MATLAB Project Assignemnt: Texas A&M
Introduction
This project involves the development of a MATLAB-based, menu-driven application to aid in the statistical analysis of numerical data. This is an individual project, but you are encouraged to work together on the required programming concepts. Each student will be responsible for submitting their own deliverables.
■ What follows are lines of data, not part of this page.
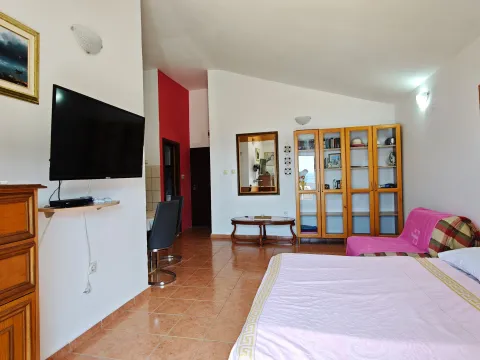 Sale, one bedroom apartment, 44m², Rafailovići, Budva - image 4
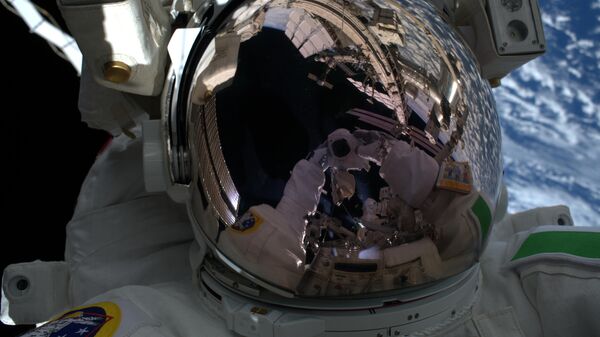  Астронавт Европейского космического агентства Лука Пармитано во время выхода в открытый космос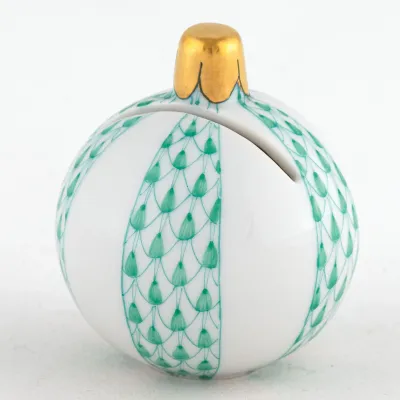 Ornament Place Card Holder Green 2 in H X 1.75 in D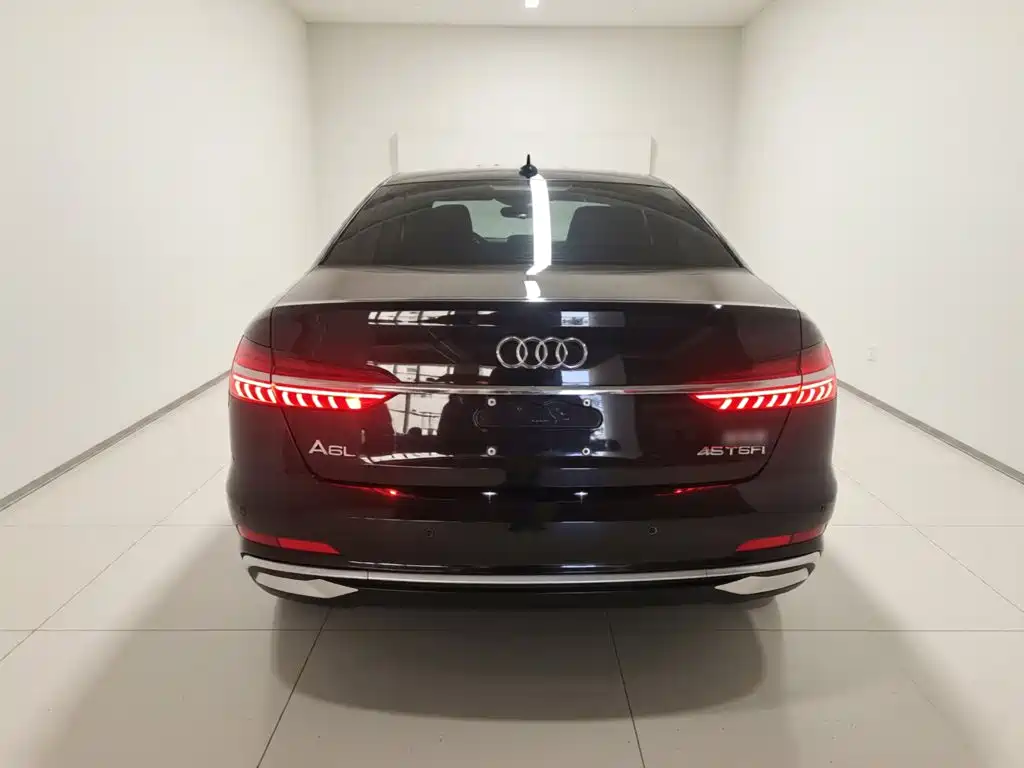 Audi A6L 2023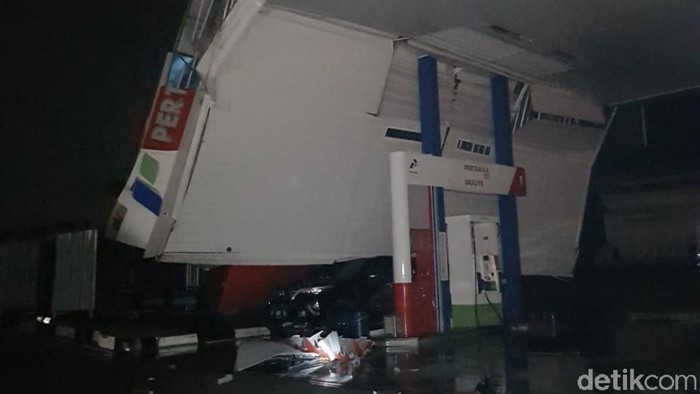 Atap SPBU di Cilegon Ambruk Usai Diterjang Angin Kencang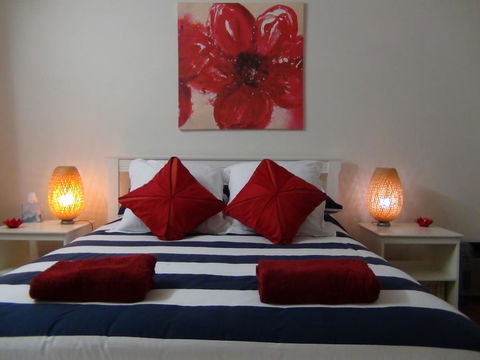 Tranquillity Beach House - Accommodation Gladstone 0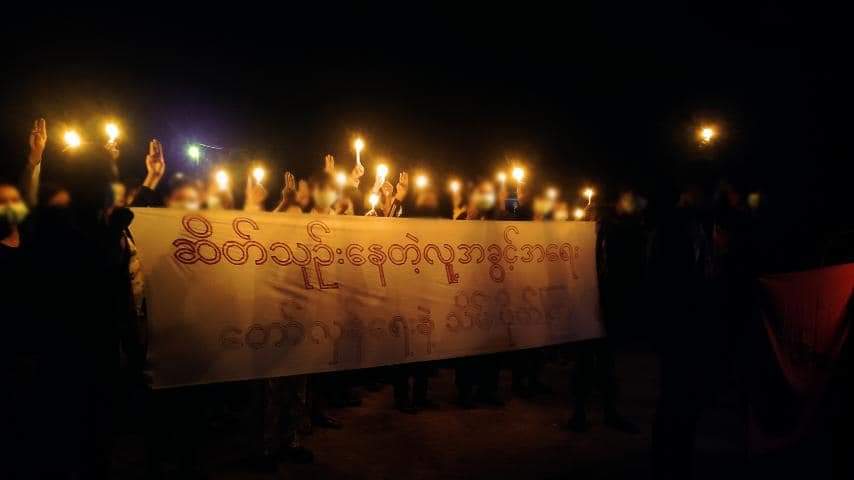 PhonePyaeZaw11's tweet photo. Night Strike to revolutionize the deprived human rights by revolution took place in #Longlone Tsp, Dawei District.
FREEDOM FROM FEAR
#Dec6Coup
#FckTheLaw
#WhatsHappeningInMyanmar https://t.co/gYP17LN9C7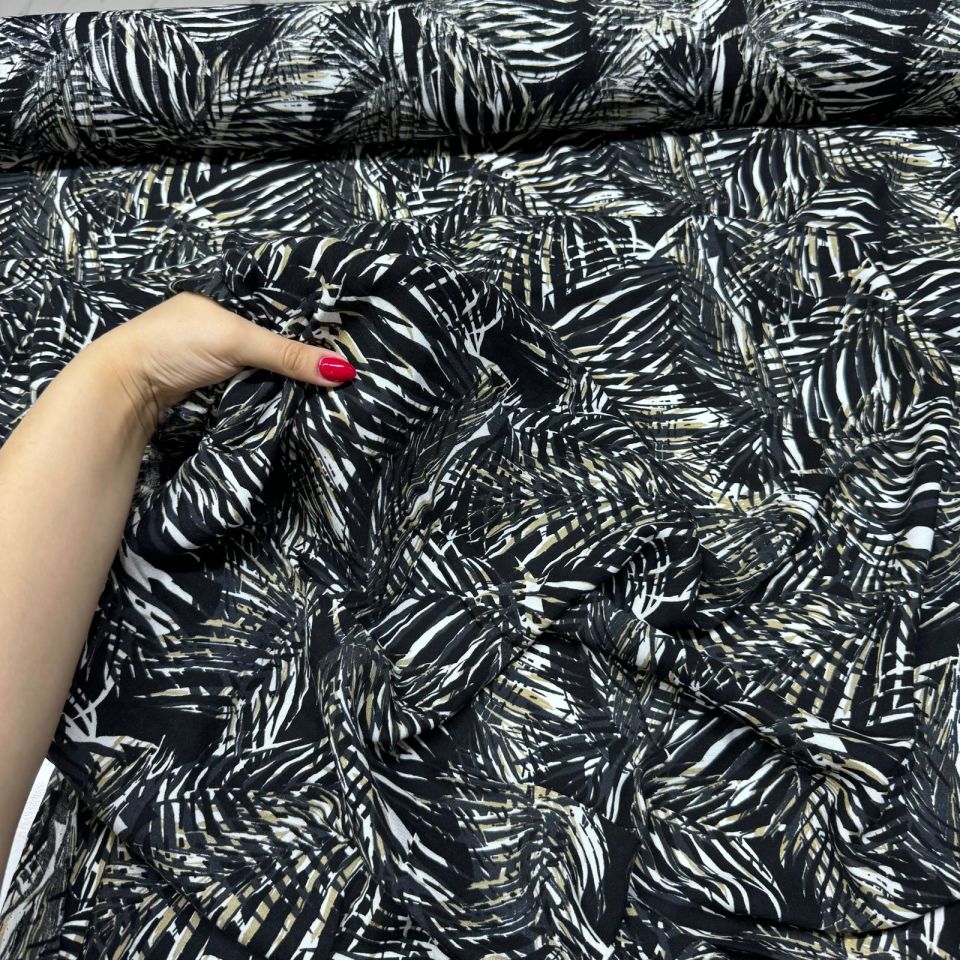 İthal Viskon Kumaş %100 Pamuk Çift En Siyah Yaprak Desenli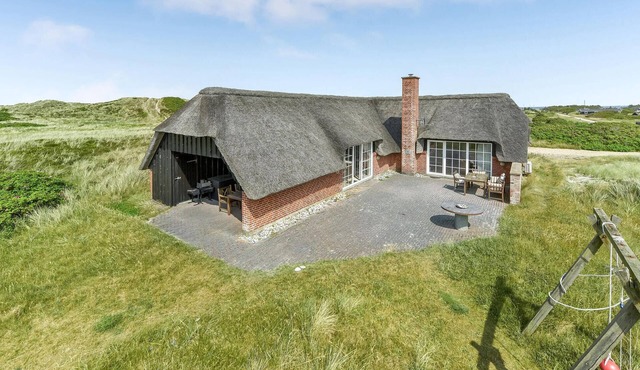 Nice home in Ringkøbing with sauna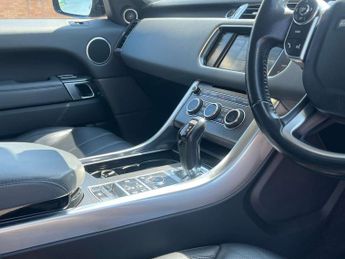 Land Rover RANGE ROVER SPORT 3.0 Range Rover Sport HSE Dynamic SDV6 Auto 4WD 5dr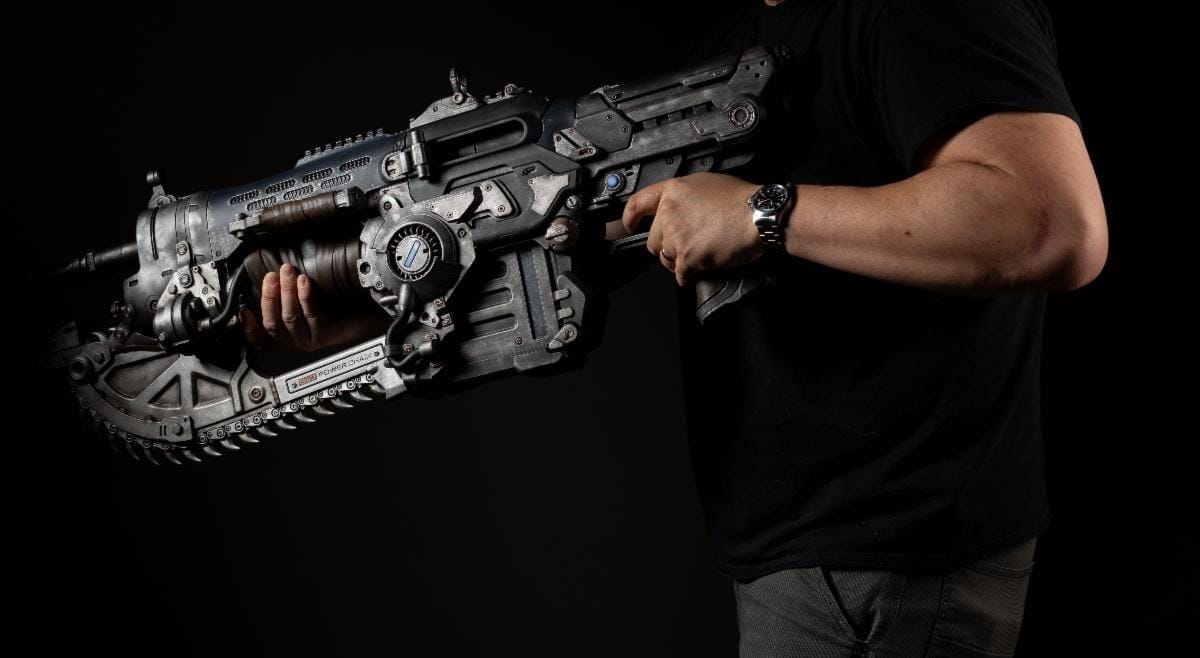 Today is your final chance to own a Gears of War: E-Day Lancer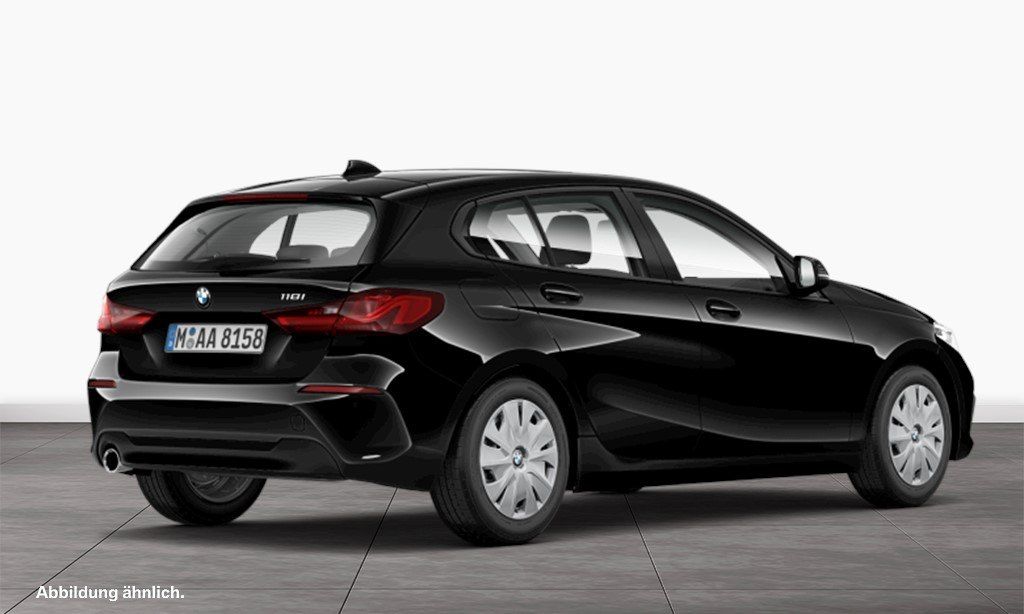BMW 118 2022 г. Чёрный, пробег 22973 км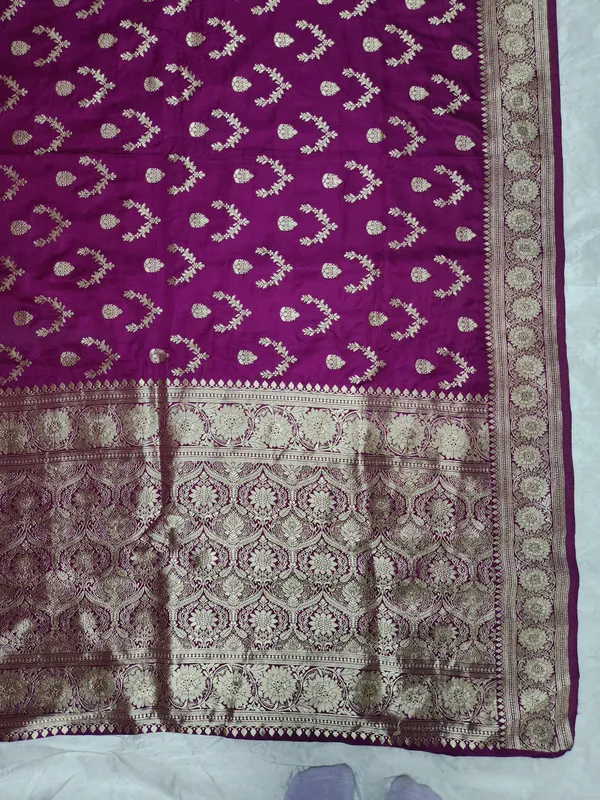 Purple_Brocade_Banarasi_Style_Saree_for_Women
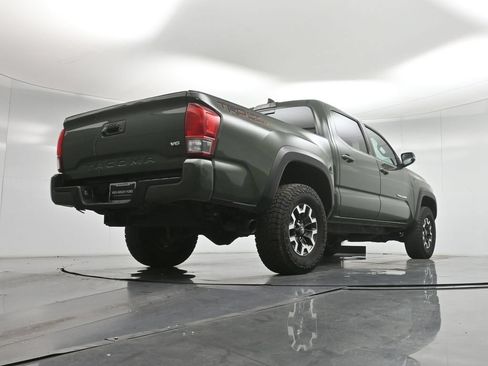 Used 2022 Toyota Tacoma TRD Off-Road w/ Technology Package RWD image 51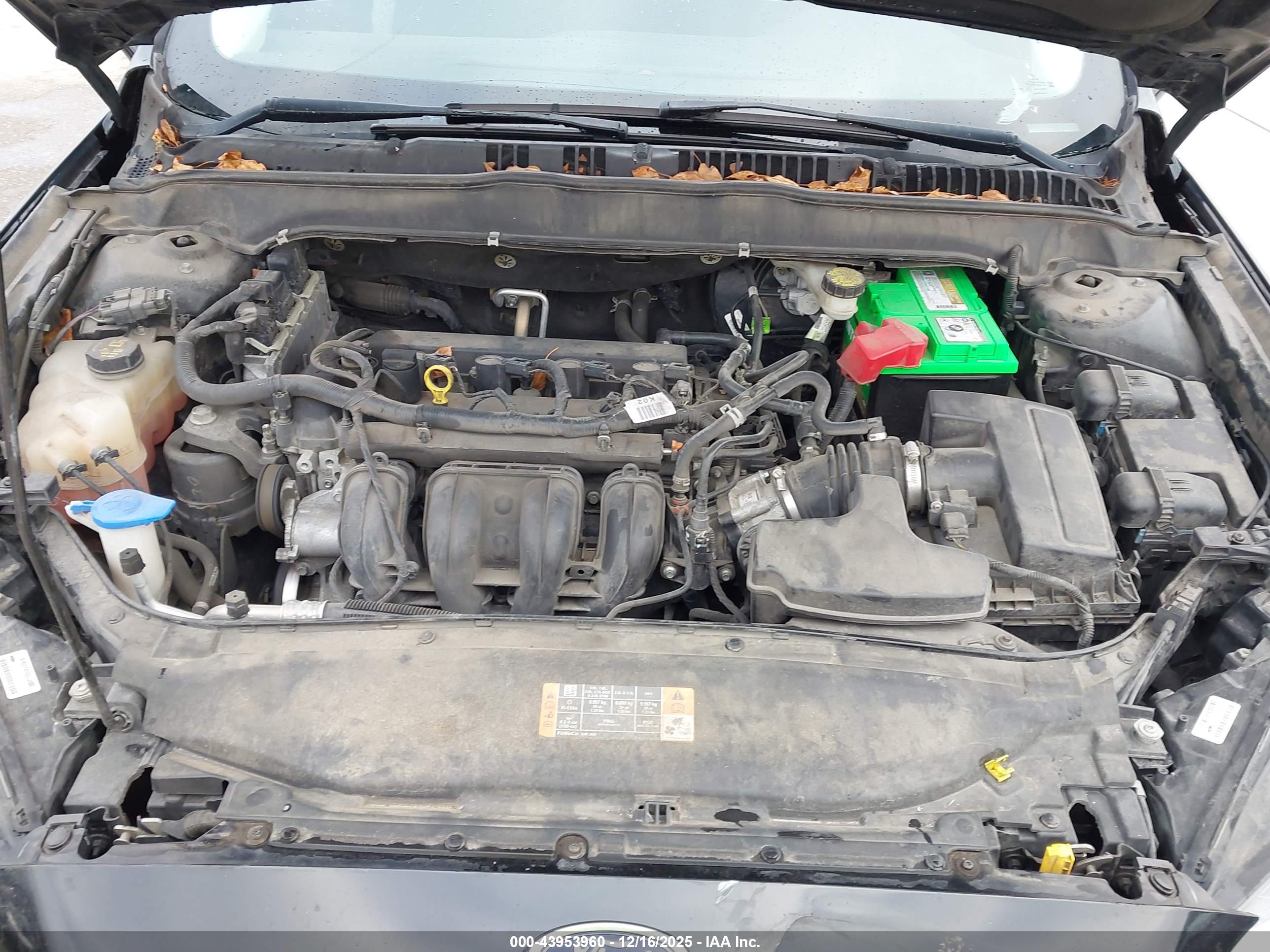 FORD FUSION image 10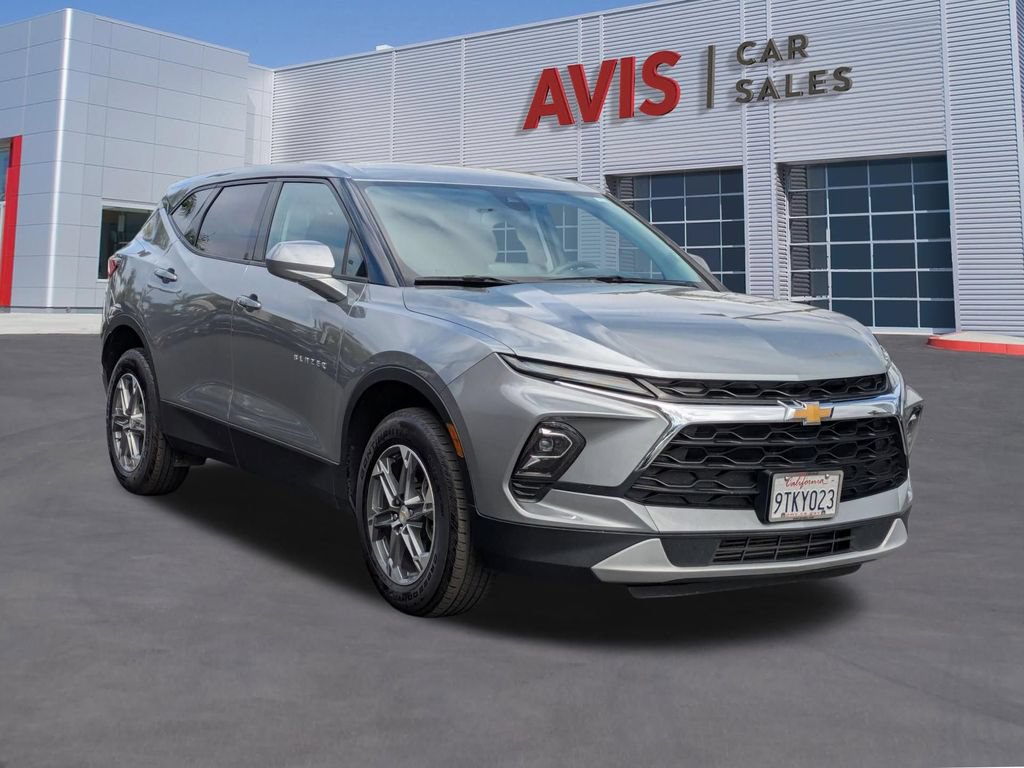Used 2025 Chevrolet Blazer LT AWD/4WD image 3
Basic statistical analysis is part of the curriculum for ENGR 112. Each time we learn a new analysis technique, we will follow up by demonstrating how to use MATLAB to implement that technique. So, for example, when we discuss the definition of terms such as mean, median, and mode, we will demonstrate how to use MATLAB's built-in functions and/or other programming techniques to calculate numerical values associated with these definitions for a particular data set. The expectation is that after learning a new technique, you can simply add new functionality to your code. In other words, you will develop this code in "chunks" which you can fully debug before moving on to the next technique.
Use of the Application.
The scenario for using the code is that someone has sent the user a text file of numerical data and has asked the user to provide a report listing various statistical quantities associated with the data. The data format will be one or two columns of data with an unknown number of data elements. The basic descriptive statistical quantities (mean, median, mode, variance, standard deviation, range) are easily calculated using MATLAB built-in functions and their values can be written to a summary file.
Next, the user should determine whether or not the data is "normally distributed." The user can determine this by using various plots such as histogram or normplot within MATLAB. If, in the user's judgment, the data is normally distributed, the user is allowed to perform z-table calculations resulting in the output of probabilities or intervals of x or z.
General Features.
The following list represents the general features of the program:
• The program should be menu-driven.
o We will demonstrate in-class how to build a simple text-based menu.
• Input will consist of the name of an existing data file consisting of one or two columns of an unknown number of data elements.
• All output and results will be directed to both the screen and an output file.
o Output filename should be chosen by user.
o The data filename should be written to the output file along with date, user name, etc.
o Values for all the descriptive statistics listed below should be calculated and written to the output file in the following format:
- Mean = XXX.YY
- Median = XXX.YY
- Mode = XXX.YY
- Var = XXX.YY
- Stdev = XXX.YY
- Min = XXX.YY
- Max = XXX.YY
- Count = XXXXXX
o Note that the equal signs and decimal points are aligned vertically.
o Note that since Count is an integer, it has no decimal point.
o Note that if Count > 30, use the population standard deviation and put an extra message in the output. For Count <= 30, use sample standard deviation and put an extra message in the output.
o Other output associated with z-table questions and answers should also be written to the output file.
Text-Based Menu.
The following is a list of possible menu choices. You have the freedom to design the user interface in a manner you see fit.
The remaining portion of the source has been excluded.